WORK TASK. Repeat exactly the lines of the entries below from the one with "All The White" through the one with "台州劳务派遣工排名(了解台州市劳务派遣行业的就业前景和薪资水平) - 灵活用工代发工资平台", both ends included, and nothing else.

DATA FOR REVIEW.
______________________________

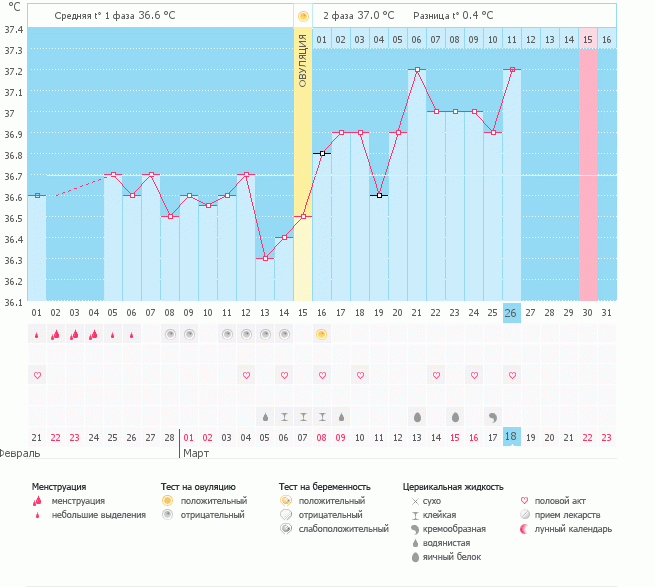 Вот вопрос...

______________________________

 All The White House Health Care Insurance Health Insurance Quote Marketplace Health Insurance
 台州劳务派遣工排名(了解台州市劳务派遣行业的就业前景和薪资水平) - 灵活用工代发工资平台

______________________________

RESPONSE AREA.
 All The White House Health Care Insurance Health Insurance Quote Marketplace Health Insurance
 台州劳务派遣工排名(了解台州市劳务派遣行业的就业前景和薪资水平) - 灵活用工代发工资平台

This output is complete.